Monday, July 24, 2006

My Life as a Quant: Reflections on Physics and Finance

Dr. Emanuel Derman will discuss his book My Life as a Quant: Reflections on Physics and Finance (John Wiley & Sons). Wall Street is no longer the old-fashioned business it once was. In recent years, investment banks and hedge funds have increasingly turned to quantitative trading strategies and derivative securities for their profits, and have raided academia for PhDs to model these volatile products and manage their risk.

Nowadays, the fortunes of firms and the stability of markets often rest on mathematical models. "Quants"–the scientifically trained practitioners of quantitative finance who build these models–have become key players on the Wall Street stage.

And no Wall Street quant is better known than Emanuel Derman. One of the first high-energy particle physicists to migrate to Wall Street, he spent seventeen years in the business, eventually becoming managing director and head of the renowned Quantitative Strategies group at Goldman, Sachs & Co. There he coauthored some of today's most widely used and influential financial models, including the widely used Black-Derman-Toy model of interest rates.

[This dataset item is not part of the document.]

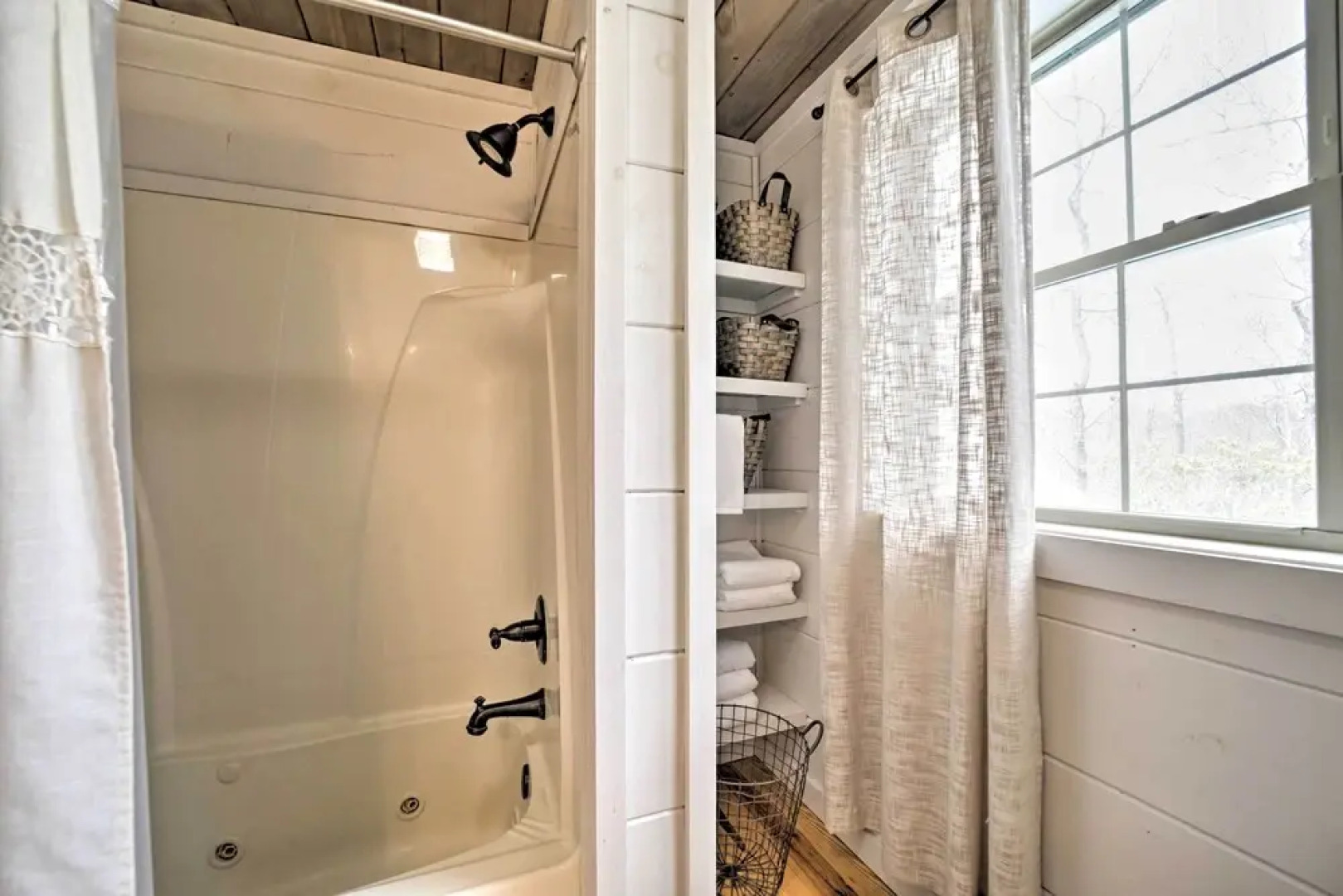 Deck + Fire Pits: Lake Toxaway Getaway!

Physics and quantitative finance look deceptively similar. But, writes Derman, "When you do physics you're playing against God; in finance, you're playing against God's creatures." How can one justify using the precise methods of physics in the frenzied world of financial markets? Is it reasonable to treat the economy and its markets as a complex machine? Or is quantitative finance merely flawed thinking masquerading as science, a brave whistling in the dark?